Various Russian academics have challenged such portrayals of Wahhabism as a "catch-all phrase" that characterises trends that depart from normative Islam and warn of the disfiguring inferences of such an approach. These include Professor Vitaly Naumkin, Director of Islamic Studies Centre at the Russian Academy of Sciences, and author Aleksei Malashenko, who assert that:
 Wahhabi movement of Ibn 'Abd al-Wahhab was only one of the various Salafi movements and has different strands within itself
 Using the term "Wahhabism" suggests a monopolistic mentality that distinguishes between "true Islam" and a wrong version, eroding the ability to envision Islamic religious pluralism. This may also result in radicalisation of neo-traditionalist establishment which becomes hostile to Salafis, reformists and various Muslim groups they deem heterodox
 The term is abusive and has become increasingly used as a politically correct label to censure any political rivals.

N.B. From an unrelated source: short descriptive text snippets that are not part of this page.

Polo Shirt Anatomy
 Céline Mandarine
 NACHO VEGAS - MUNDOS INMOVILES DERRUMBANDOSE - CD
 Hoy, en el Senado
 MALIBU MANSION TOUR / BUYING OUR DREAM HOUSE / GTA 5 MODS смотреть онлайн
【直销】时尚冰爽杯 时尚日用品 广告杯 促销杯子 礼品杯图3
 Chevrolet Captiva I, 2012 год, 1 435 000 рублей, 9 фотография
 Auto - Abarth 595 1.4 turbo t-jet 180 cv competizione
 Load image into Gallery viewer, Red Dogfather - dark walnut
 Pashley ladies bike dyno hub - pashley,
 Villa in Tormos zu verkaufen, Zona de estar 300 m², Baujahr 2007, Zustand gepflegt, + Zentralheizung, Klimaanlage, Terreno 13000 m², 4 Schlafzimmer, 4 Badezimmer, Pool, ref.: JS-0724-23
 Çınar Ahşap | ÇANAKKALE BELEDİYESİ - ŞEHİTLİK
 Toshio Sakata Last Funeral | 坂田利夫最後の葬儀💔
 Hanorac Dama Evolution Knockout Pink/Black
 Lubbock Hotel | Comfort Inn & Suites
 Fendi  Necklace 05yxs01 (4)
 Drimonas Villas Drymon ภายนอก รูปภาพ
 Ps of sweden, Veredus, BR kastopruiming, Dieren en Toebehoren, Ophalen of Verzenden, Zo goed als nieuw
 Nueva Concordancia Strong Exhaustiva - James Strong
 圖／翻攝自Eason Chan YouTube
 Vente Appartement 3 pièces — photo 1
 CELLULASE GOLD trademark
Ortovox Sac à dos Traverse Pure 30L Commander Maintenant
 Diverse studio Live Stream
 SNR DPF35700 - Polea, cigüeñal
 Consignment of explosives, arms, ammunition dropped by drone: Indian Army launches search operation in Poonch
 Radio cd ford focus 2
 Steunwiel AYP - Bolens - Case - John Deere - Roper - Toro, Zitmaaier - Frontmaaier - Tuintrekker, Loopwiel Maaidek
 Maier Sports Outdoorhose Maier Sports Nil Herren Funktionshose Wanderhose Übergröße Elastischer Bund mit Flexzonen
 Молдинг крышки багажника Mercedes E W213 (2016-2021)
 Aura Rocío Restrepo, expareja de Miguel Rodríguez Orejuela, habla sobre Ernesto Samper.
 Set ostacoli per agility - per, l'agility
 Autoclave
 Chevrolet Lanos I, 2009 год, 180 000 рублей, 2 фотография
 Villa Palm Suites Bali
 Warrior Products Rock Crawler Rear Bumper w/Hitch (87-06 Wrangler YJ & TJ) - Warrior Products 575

Oftentimes, many apolitical Muslims are the first victims of anti-Wahhabi campaigns

Central Asia 
Across Central Asia, authoritarian governments conceptualise "Wahhabism" to label various Islamic revivalist, social and political opposition movements and group them alongside militant Islamists. The political classes widely deploy the usage of the term "Wahhabism" to suppress any unauthorised religious activity. As a result, Sufi reformers, modernist intellectuals and various political activists have been targeted under the charge of "Wahhabism". Oftentimes, Iran-inspired shi'ite activists are also labelled "Wahhabi". In political  discourse, the "wrong" type of Islam is labelled as "fundamentalist" and "Wahhabi" and numerous arbitrary arrests, detentions and torture are meted out under the pretext of Wahhabism. In 1998, loudspeakers in Uzbek Mosques were banned, alleging that it was a "Wahhabi" practice.

Western usage 
In the Western world, before the 2000s, the term "Wahhabism" was mainly used in academic, scholarly circles in the context of Ibn 'Abd al-Wahhab's Muwahhidun movement and its historical evolution in the Arabian Peninsula. During the post-9/11 era, the term came to be used for a wide range of militant Islamist movements across the World in various media depictions.